The concept of agency was introduced to the West by Aristotle (as ‘entelechy’) around 350 BCE [1]. This conception of agency was oriented around a drive that guides one’s development and pushes one towards voluntary actions in the direction of a telos. Aristotle understood that everything has a cause and formulated the concept of the need for a first mover, or an unmoved mover to initiate the universe. This means his conception of agency was largely compatible with determinism.
In 1689 CE, John Locke published “Essay Concerning Human Understanding” with over 400 pages largely focused on explicating the relationship between agency and free will [2]. John Locke’s central message was that traditional conceptions of free will were absurd, but a compatibilist notion of free will (free agency) was the coherent way to approach the topic. His conception of liberty or free agency was able to provide moral responsibility while not contradicting determinism.
In June 1830 CE, Joseph Smith initiated a fresh translation of the Bible into English with the purpose of reinstating "many important points touching the salvation of men, [that] had been taken from the Bible, or lost before it was compiled." The sections constituting the Book of Moses were initially released in the church publications Evening and Morning Star and Times and Seasons during the 1830s and 1840s [3].
Interestingly enough, the Book of Moses discusses the concept of agency in a pre-Earth context, in the context of Adam and Eve, and in a context of discussion between God and Enoch. Despite the Bible and Book of Mormon never addressing the concept of agency, suddenly Joseph Smith’s corrections to the Bible add in agency with little to no philosophical explanation. It is often theologically presumed that agency is equivalent to free will.

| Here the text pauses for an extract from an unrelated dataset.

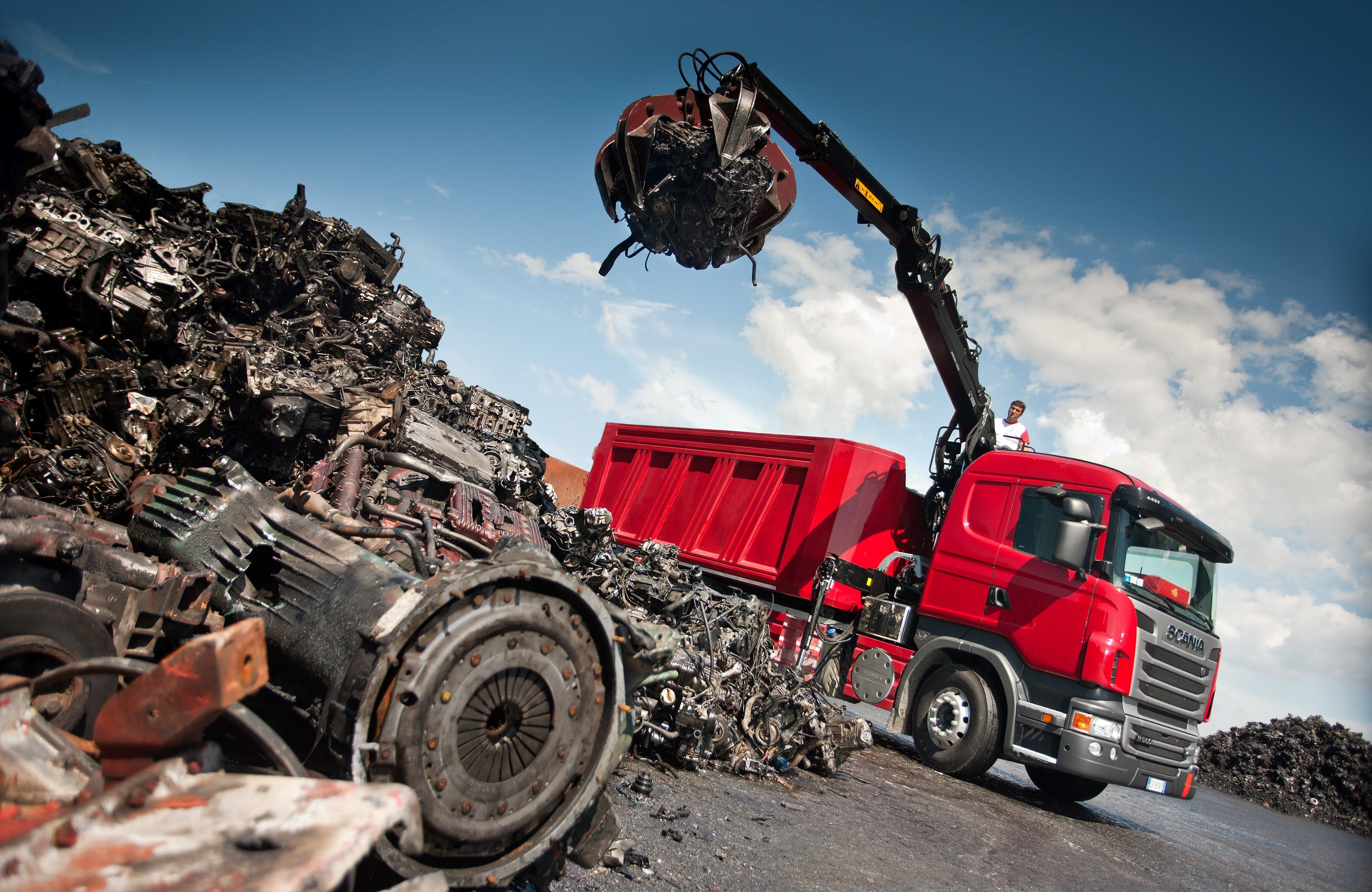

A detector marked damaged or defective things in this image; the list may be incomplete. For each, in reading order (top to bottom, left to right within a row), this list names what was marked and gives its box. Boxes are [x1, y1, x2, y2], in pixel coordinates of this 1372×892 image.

How did this concept of agency get into the Book of Moses? Is agency a type of lost knowledge that Joseph Smith had to restore? Or is agency a concept that philosophers of Joseph’s Day were developing, and Joseph just anachronistically interpolated modern philosophic ideas into his artificial rewriting of ancient texts?

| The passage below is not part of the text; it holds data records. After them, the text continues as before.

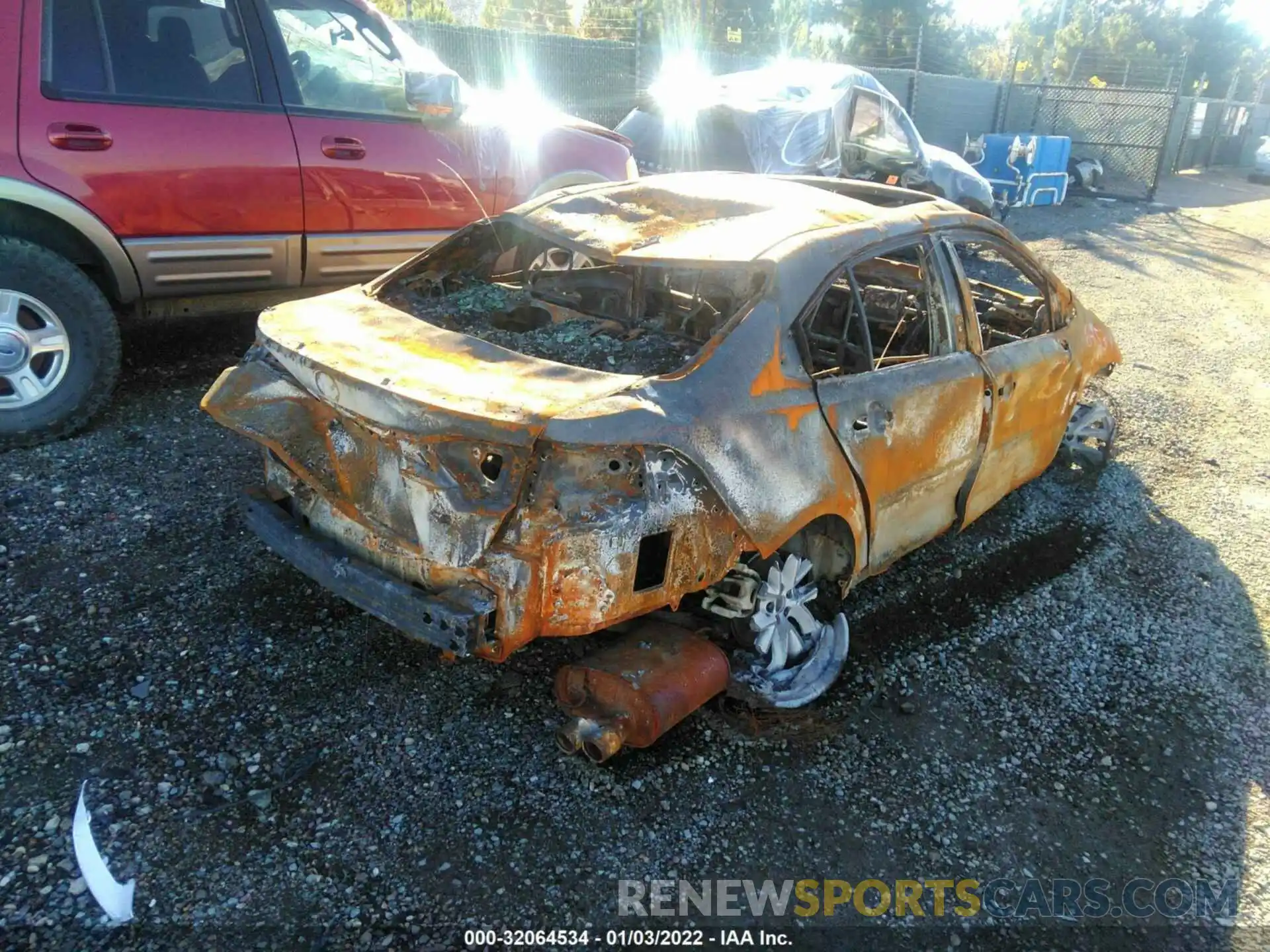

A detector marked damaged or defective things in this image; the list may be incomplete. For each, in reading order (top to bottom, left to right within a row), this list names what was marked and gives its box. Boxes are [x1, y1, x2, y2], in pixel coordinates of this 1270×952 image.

burned car trunk lid [203, 286, 640, 571]
burned car interior [378, 219, 762, 376]
rusted car body [200, 174, 1122, 736]
burned car interior [200, 171, 1122, 766]
burned car [206, 175, 1122, 762]
charred sedan roof [500, 173, 950, 266]
burned car [617, 60, 1000, 216]
burned car door frame [797, 233, 985, 573]
burned rear door [797, 237, 985, 573]
burned car door frame [939, 231, 1077, 530]
burned rear door [945, 233, 1081, 525]
rusted metal panel [554, 627, 731, 762]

It seems quite convenient that agency is never properly explained. If it was derived by divine wisdom, then there should be a superbly enlightening explanation available. If it was just ripped off from other thinkers, then it makes sense that Joseph isn’t prepared to explicate the topic.

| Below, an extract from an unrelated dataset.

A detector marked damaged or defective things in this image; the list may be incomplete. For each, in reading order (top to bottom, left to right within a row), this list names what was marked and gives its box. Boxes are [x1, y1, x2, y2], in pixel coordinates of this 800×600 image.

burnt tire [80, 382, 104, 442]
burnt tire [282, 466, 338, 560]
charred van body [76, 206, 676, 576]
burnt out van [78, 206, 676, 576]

It seems rather convenient that Joseph’s conception of agency seems to address the question of free will, as John Locke’s position did 150 years earlier. Only John Locke was sophisticated enough to explain its compatibility with determinism, and Joseph or God were not.
If all of this is not enough, then it may be of interest to you that not only does it seem like Joseph stole the concept of agency from John Locke, but it seems like he also stole from him the concept of intelligences as a source of spirit – “We have the ideas but of three sorts of substances; 1. God. 2. Finite intelligences. 3. Bodies” [2].
1. Sachs, Joe. Aristotle's Physics: A Guided Study. Rutgers University Press, 1995.
2. Locke, John. An Essay Concerning Human Understanding. Dover Publications, 1996.
3. Joseph Smith (Joseph Fielding Smith ed.), Teachings of the Prophet Joseph Smith, 16 February 1832, pp. 10–11.